┌──

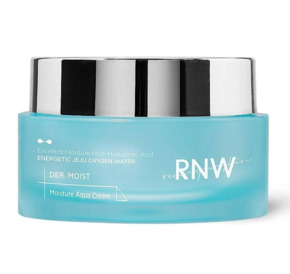 Увлажняющий крем с гиалуроновой кислотой RNW Moisture Aqua Cream 50 мл Изображение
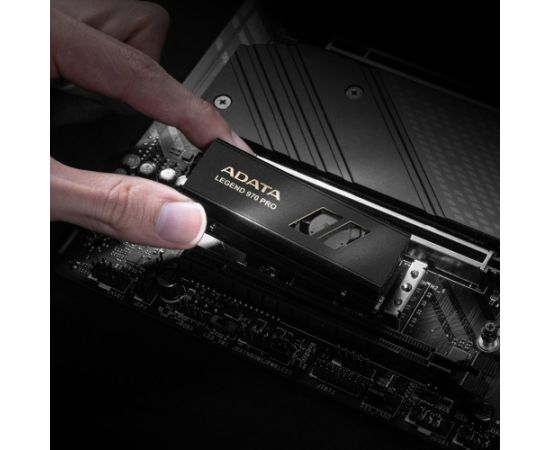 Dysk SSD ADATA Legend 970 Pro  4TB Color Box HSK
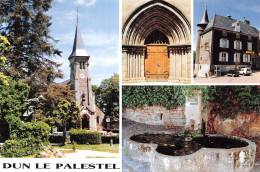 23-DUN LE PALESTEL-N°C4081-C/0237 - Dun Le Palestel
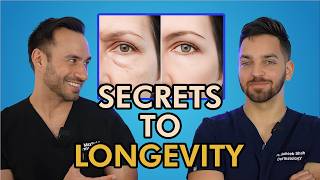 Lasers, Botox, and Skincare for HEALTHY AGING Explained by Dermatologists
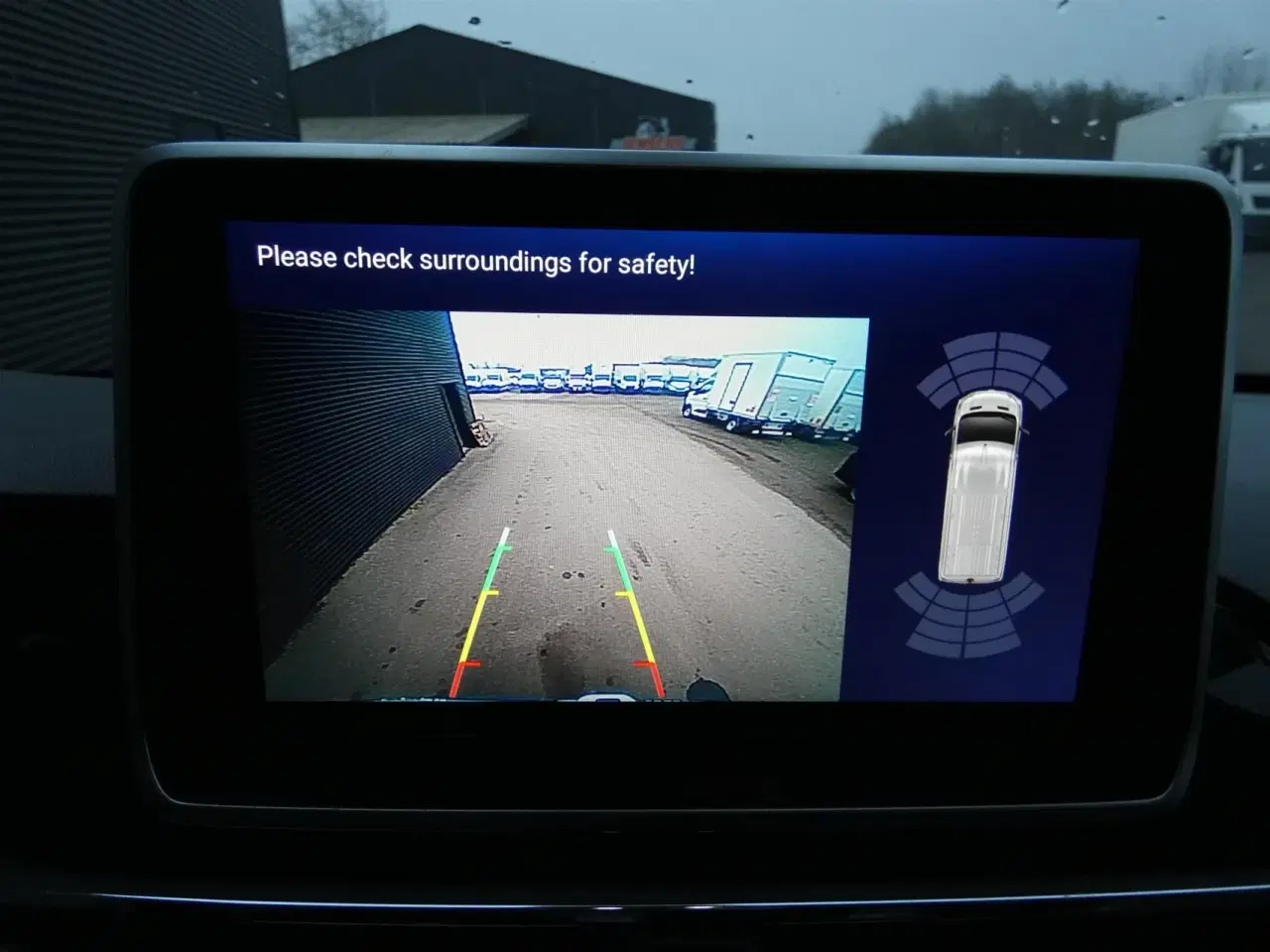 Billede 11 - Maxus e-Deliver 9 L3H2 EL 88,55 kWh 204HK Van Aut.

└──

## Problem to solve
All of the material must be repeated exactly in the answer, apart from the pictures.

## Task response
 Увлажняющий крем с гиалуроновой кислотой RNW Moisture Aqua Cream 50 мл Изображение
 Dysk SSD ADATA Legend 970 Pro  4TB Color Box HSK
 23-DUN LE PALESTEL-N°C4081-C/0237 - Dun Le Palestel
 Lasers, Botox, and Skincare for HEALTHY AGING Explained by Dermatologists
 Billede 11 - Maxus e-Deliver 9 L3H2 EL 88,55 kWh 204HK Van Aut.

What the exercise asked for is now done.